Why subtituteMarkerArrayCached is bad

In the previous article we talked about TYPO3 template functions. I mentioned that substituteMarkerArrayCached is a function that developers should not use. In this article I am going to explain why.

As you remember there are four “substitute” functions for use with TYPO3 templates:
  • substituteMarker
    This function substitutes a single marker
  • substituteMarkerArray
    This function does the same as above but for many markers in the array
  • substituteSubpart
    Substitutes a single subpart
  • substituteMarkerArrayCached
    Our today's case.
The first two functions substitute marker and marker array. The third substitutes template subpart. The obvious missing function is the one to substitute subpart array.substituteMarkerArrayCached takes several arguments, three first are most interesting to us. It takes template, marker array and subpart array. It means that this function works almost like the function we just found missing. In other words, it can substitute subpart array:

$content = $this->cObj->substituteMarkerArrayCached($template, array(), $subPartArray);

But there is a catch.

The catch is in the “Cached” word in the function name. This function caches its results and tries to reuse them next time. Caching happens in the cache_hash table.
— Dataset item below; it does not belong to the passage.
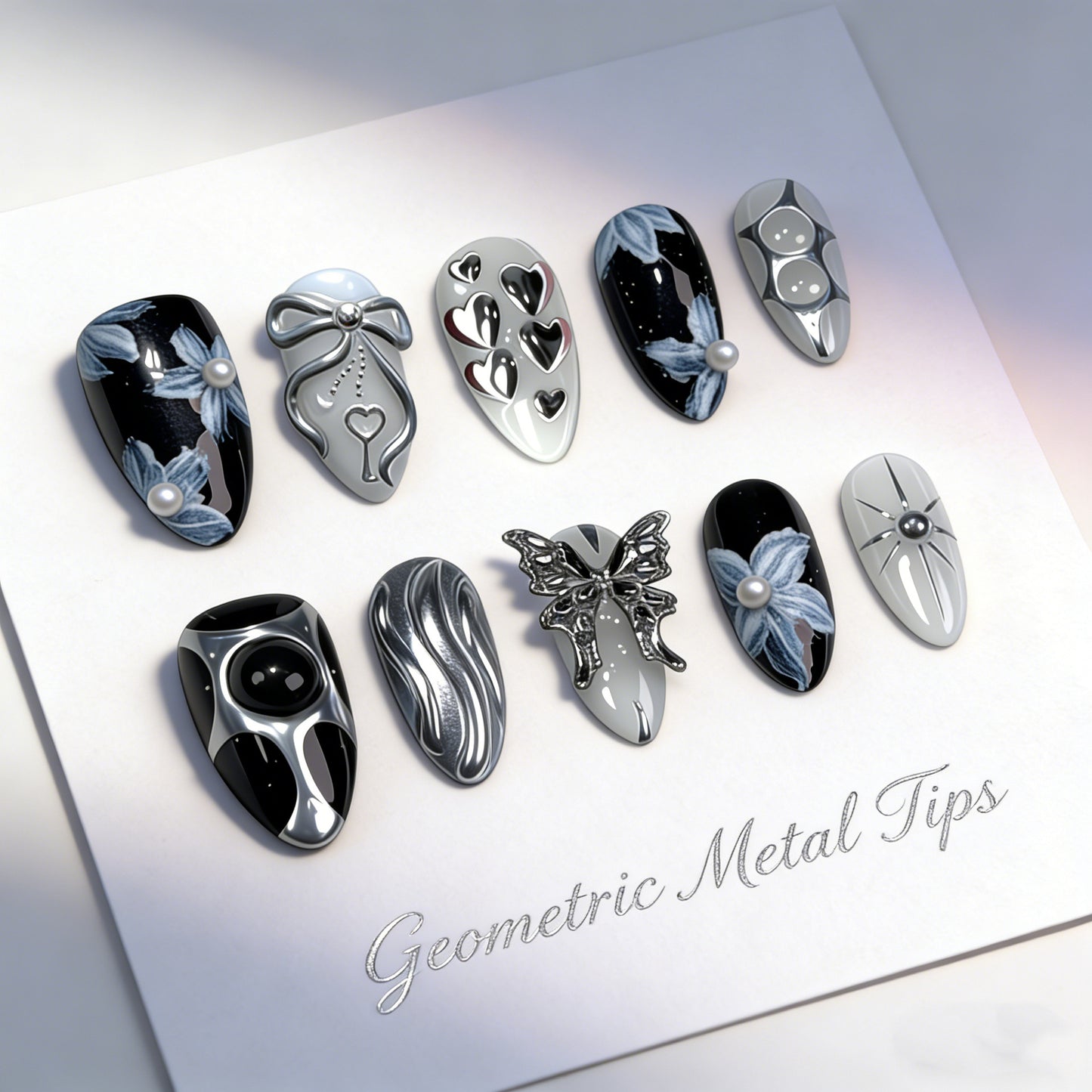 Geometric Elegance Short Almond Silver and Black with Intricate Floral Accents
It does not look bad from the first glance. It may even speed up the web site.

Does it really?

Imagine a web site with articles. Let's say 10000 articles. Each article has comments. Suppose that average number of comments is 10 per article. So, if comments use substituteMarkerArrayCached, it would lead to 100000 records in cache_hash table. Now imagine of each comment requires two calls to substituteMarkerArrayCached...

You can say: “Big deal! Disks are large and cheap now!”. Yes, they are. But it is not a disk space. It is MySQL who will suffer.
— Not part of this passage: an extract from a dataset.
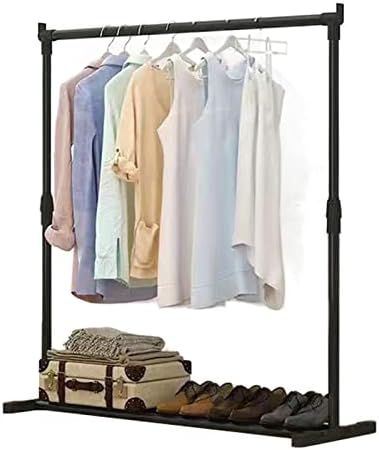 Rack de roupas Rack Rack Roups Organizer com 2 ganchos Rack de vestuário sobre rodas Pipe ousado Pipe pesado resistente roupas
MySQL works very well with indexes. If it can locate a record using index, the speed can be fantastic. Autoincrement fields make a good index. This is a typical case for most tables in TYPO3. But cache_hash uses MD5 value as index. MD5 values look like random data for MySQL. They do not make good database indexes. So you can be easily out of luck with this table when think about indexes.

Another problem lies in a large number of records in this table. MySQL uses indexes only if it believes that it can save time by using them. If MySQL thinks that using index will not result in much performance gain, it will revert to full table scan. Imagine ful table scan on 100000 row table. Wouldn't non-cached version of substituteMarkerArrayCached be faster for a two entries in $subPartArray?
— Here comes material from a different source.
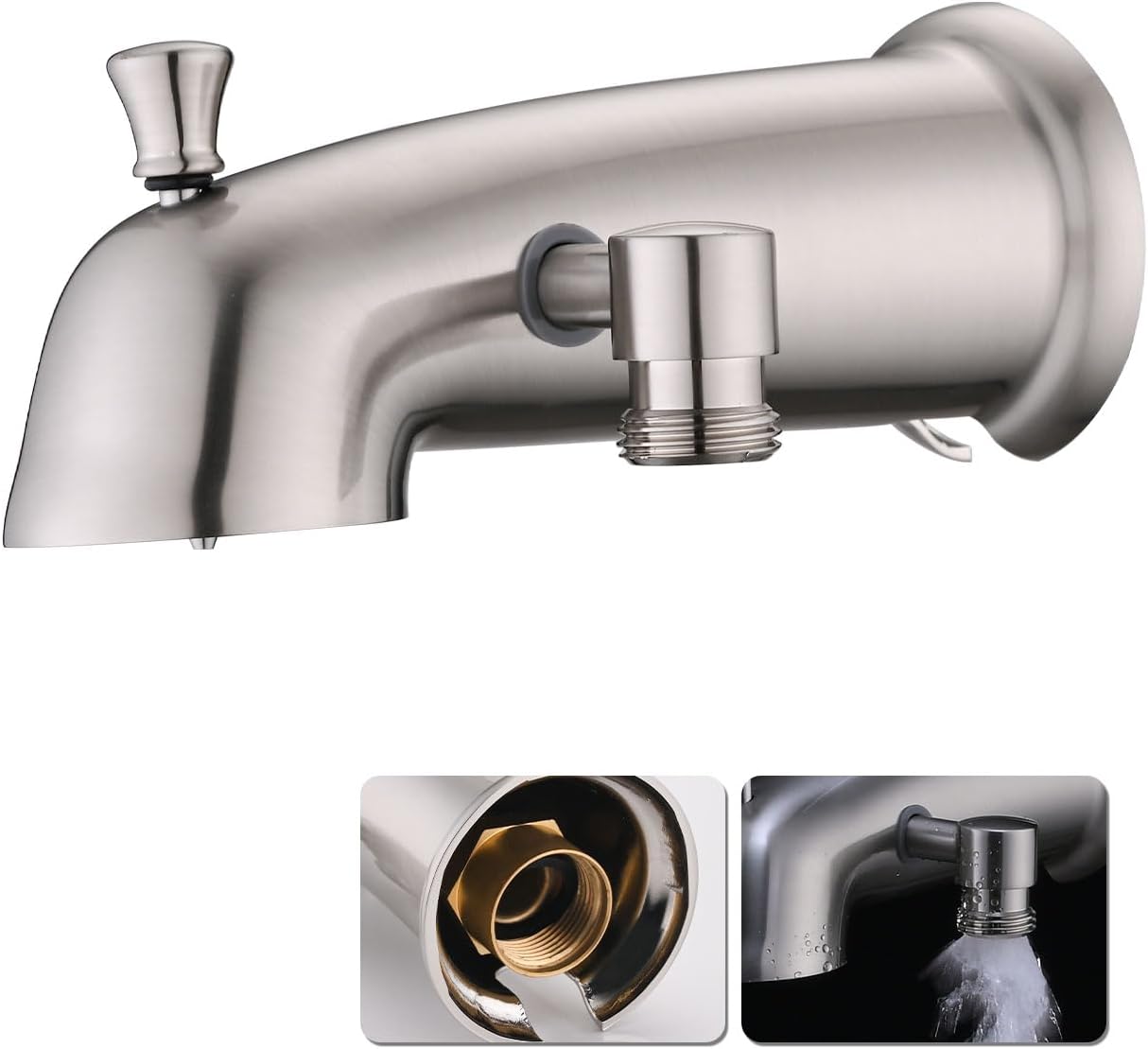 Boquilla bañera metal desviador ducha IPS 1/2-3/4 pulg níquel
Unless you have really huge subpart and marker array, I recommend to avoid using substituteMarkerArrayCached at all. It can make performance better for really large substitutions but not for smaller ones. PHP code often runs faster than a single database query (especially if query goes over network).

You can replace a call to substituteMarkerArrayCached with the following code:

$content = $this->cObj->substituteMarkerArray($template, $markers);
foreach ($subParts as $subPart => $subContent) {
    $content = $this->cObj->substituteSubpart($content, $subPart, $subContent);

This is how comments extension is going to work starting from the next version.

substituteMarkerArrayCached is bad because it stores results in and fetches results from cache_hash table. This causes lots of records and slower execution for a simple substitutions. So do not this function unless your substitutions contain a lot of data.

1 comment:

  1. "MD5 values look like random data for MySQL." this is true in the case of TYPO3, but MD5 is not just random data nor it's a 32 character string: it's an 128 bit integer in hexadecimal representation - but the database model of TYPO3 is sometimes very clumsy - instead of storing the MD5 hash as 128 bit integer (or in case of MySQL you need to use BINARY(16) since integer is limited to 8 bytes), cache_hash uses varchar(32) - and this is of course slow.